Firstly, the cost of distribution must surely also include the costs of finding people with near-vision disabilities, paying people to travel and meet with people in remote regions, etc., so it may be larger than that. A huge problem this is trying to address is undiagnosed near-vision disability, which makes it harder to identify people with those disabilities when you have to actually find and diagnose those people, instead of just handing out random glasses on the street.

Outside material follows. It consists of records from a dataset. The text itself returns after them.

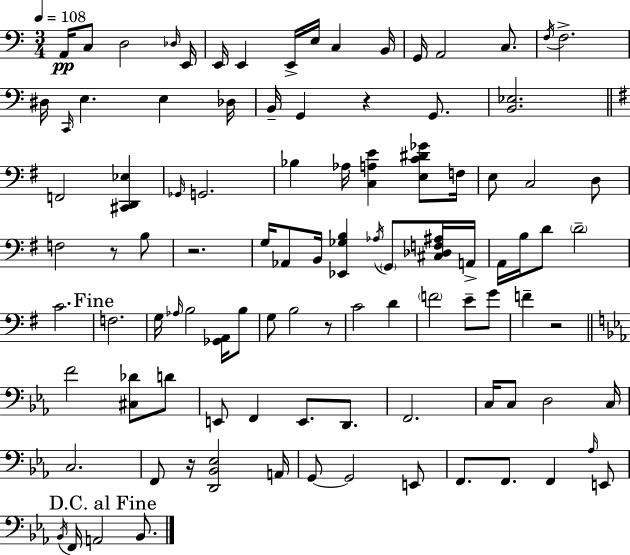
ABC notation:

X:1
T:Untitled
M:3/4
L:1/4
K:C
A,,/4 C,/2 D,2 _D,/4 E,,/4 E,,/4 E,, E,,/4 E,/4 C, B,,/4 G,,/4 A,,2 C,/2 F,/4 F,2 ^D,/4 C,,/4 E, E, _D,/4 B,,/4 G,, z G,,/2 [B,,_E,]2 F,,2 [^C,,D,,_E,] _G,,/4 G,,2 _B, _A,/4 [C,A,E] [E,C^D_G]/2 F,/4 E,/2 C,2 D,/2 F,2 z/2 B,/2 z2 G,/4 _A,,/2 B,,/4 [_E,,_G,B,] _A,/4 G,,/2 [^C,_D,F,^A,]/4 A,,/4 A,,/4 B,/4 D/2 D2 C2 F,2 G,/4 _A,/4 B,2 [_G,,A,,]/4 B,/2 G,/2 B,2 z/2 C2 D F2 E/2 G/2 F z2 F2 [^C,_D]/2 D/2 E,,/2 F,, E,,/2 D,,/2 F,,2 C,/4 C,/2 D,2 C,/4 C,2 F,,/2 z/4 [D,,_B,,_E,]2 A,,/4 G,,/2 G,,2 E,,/2 F,,/2 F,,/2 F,, _A,/4 E,,/2 _B,,/4 F,,/4 A,,2 _B,,/2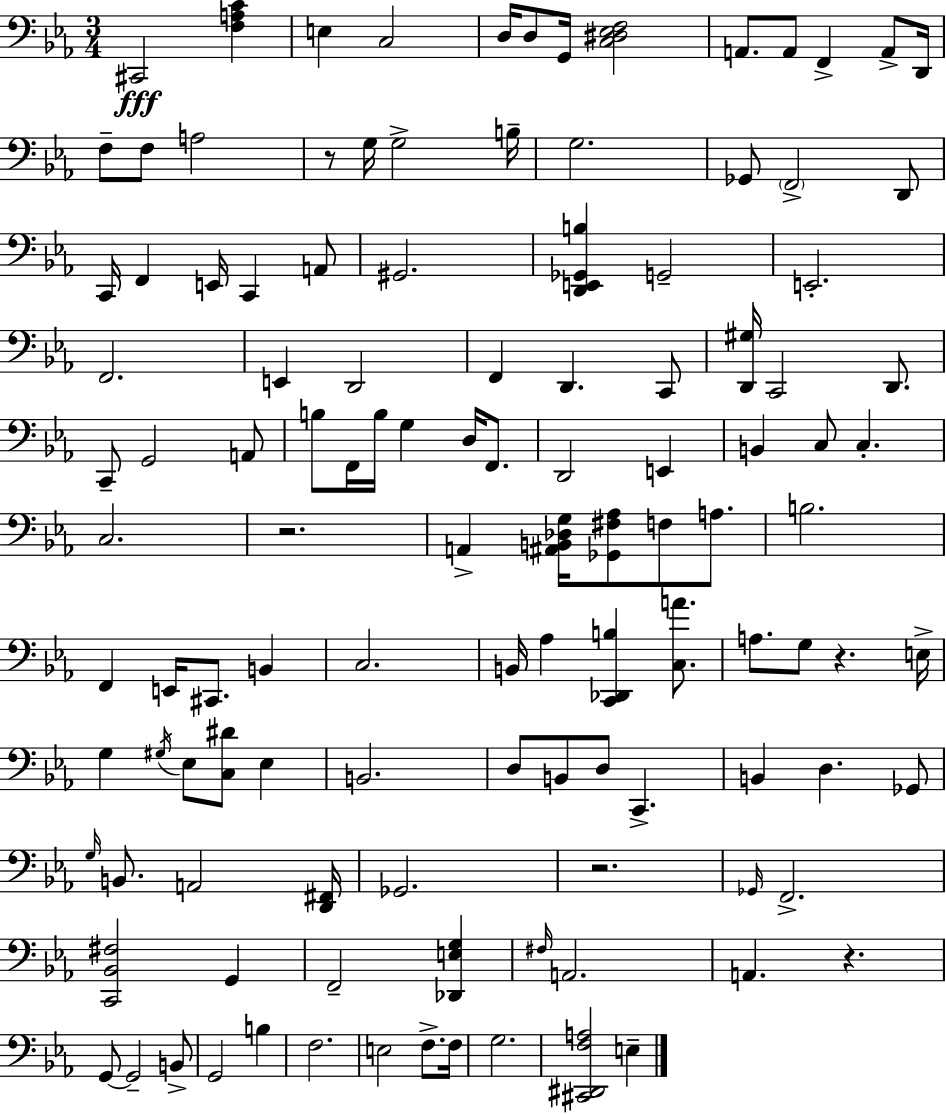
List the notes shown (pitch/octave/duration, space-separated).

C#2/h [F3,A3,C4]/q E3/q C3/h D3/s D3/e G2/s [C3,D#3,Eb3,F3]/h A2/e. A2/e F2/q A2/e D2/s F3/e F3/e A3/h R/e G3/s G3/h B3/s G3/h. Gb2/e F2/h D2/e C2/s F2/q E2/s C2/q A2/e G#2/h. [D2,E2,Gb2,B3]/q G2/h E2/h. F2/h. E2/q D2/h F2/q D2/q. C2/e [D2,G#3]/s C2/h D2/e. C2/e G2/h A2/e B3/e F2/s B3/s G3/q D3/s F2/e. D2/h E2/q B2/q C3/e C3/q. C3/h. R/h. A2/q [A#2,B2,Db3,G3]/s [Gb2,F#3,Ab3]/e F3/e A3/e. B3/h. F2/q E2/s C#2/e. B2/q C3/h. B2/s Ab3/q [C2,Db2,B3]/q [C3,A4]/e. A3/e. G3/e R/q. E3/s G3/q G#3/s Eb3/e [C3,D#4]/e Eb3/q B2/h. D3/e B2/e D3/e C2/q. B2/q D3/q. Gb2/e G3/s B2/e. A2/h [D2,F#2]/s Gb2/h. R/h. Gb2/s F2/h. [C2,Bb2,F#3]/h G2/q F2/h [Db2,E3,G3]/q F#3/s A2/h. A2/q. R/q. G2/e G2/h B2/e G2/h B3/q F3/h. E3/h F3/e. F3/s G3/h. [C#2,D#2,F3,A3]/h E3/q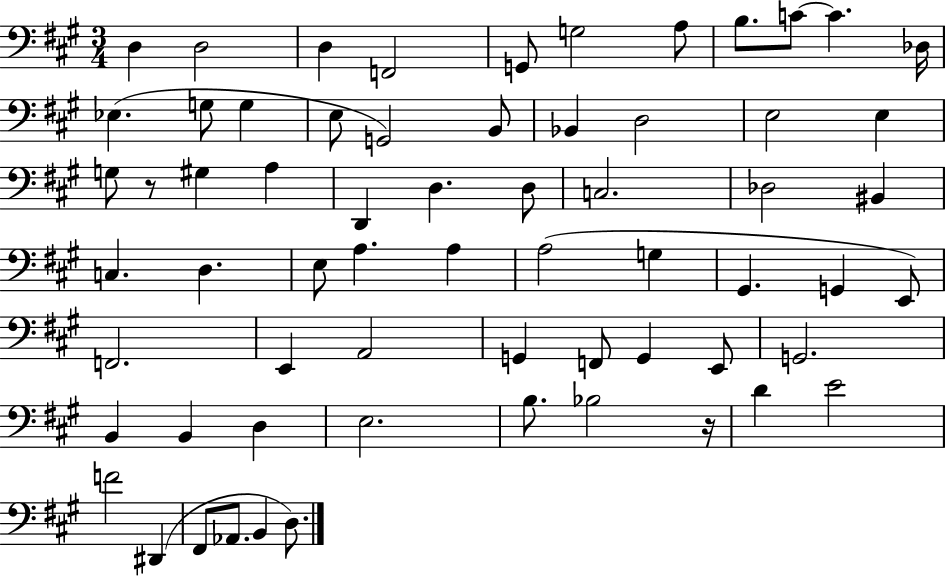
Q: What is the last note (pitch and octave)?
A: D3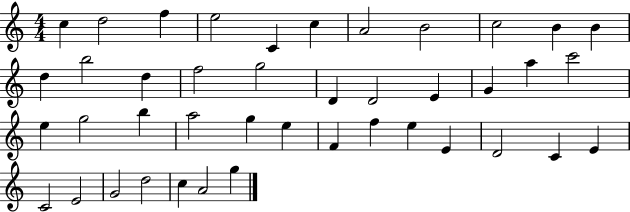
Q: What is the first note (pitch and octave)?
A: C5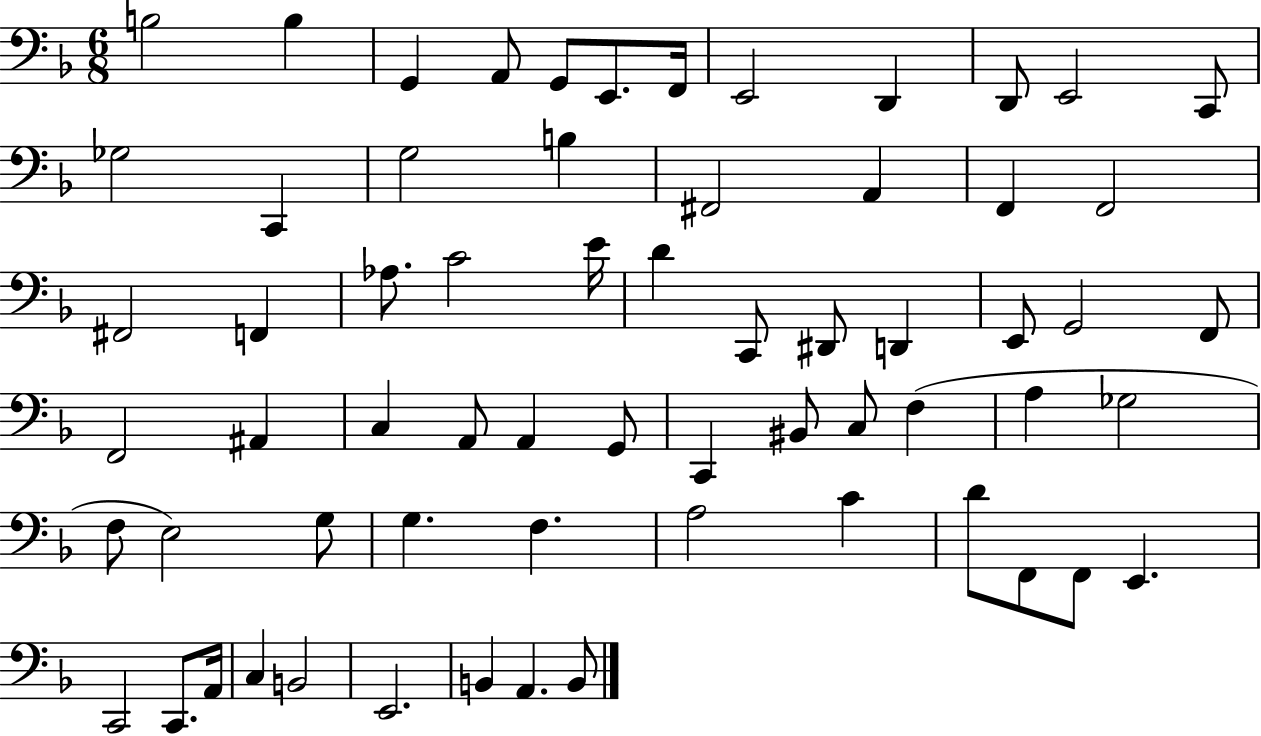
{
  \clef bass
  \numericTimeSignature
  \time 6/8
  \key f \major
  b2 b4 | g,4 a,8 g,8 e,8. f,16 | e,2 d,4 | d,8 e,2 c,8 | \break ges2 c,4 | g2 b4 | fis,2 a,4 | f,4 f,2 | \break fis,2 f,4 | aes8. c'2 e'16 | d'4 c,8 dis,8 d,4 | e,8 g,2 f,8 | \break f,2 ais,4 | c4 a,8 a,4 g,8 | c,4 bis,8 c8 f4( | a4 ges2 | \break f8 e2) g8 | g4. f4. | a2 c'4 | d'8 f,8 f,8 e,4. | \break c,2 c,8. a,16 | c4 b,2 | e,2. | b,4 a,4. b,8 | \break \bar "|."
}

Secondly, I don't see any requirement for the funding to be any certain percentage of the total grant? Thirdly, $200,000 is a very significant grant that will impact thousands of people. If this grant was just "$200,000 for eyeglasses," I think 99% of people would agree that would count for the purposes of this market. Finally, the fact that GiveWell itself stated that one of the two reasons why they funded the grant is because of the direct benefit shows that the direct benefit is a significant component of this grant, and an EA-focused organization is surely considering the significance of this impact.
You can argue about the effectiveness of this, but the fact remains that we are not arguing about the effectiveness of this grant, but GiveWell's intentions in making this grant. And they unequivocally state that the direct benefit was one of the two reasons behind their intention of making the grant.
@RobertCousineau what is the established precedent here, can you show me? I made all these markets so I am confused that there is precident (which contradicts their literal wording)
Betting this down because the case for this intervention is that eyeglasses are (a) cheap and (b) generate lots of productivity improvements for workers, yet the workers and their employers are not already buying sufficient eyeglasses. This despite workers/employers probably capturing almost all of the economic gain between them, despite the payback period for the investment being short, and despite said gain being directly and almost immediately measurable for a treated individual.
This suggests to me either that the gains are not in fact nearly as big as the Reddy RCT estimates, or maybe that all you need to do is tell people about how eyeglasses make them money. In the former case, perhaps Givewell will discover this and decide not to fund this cause area; in the latter, Givewell will presumably not be funding direct distribution.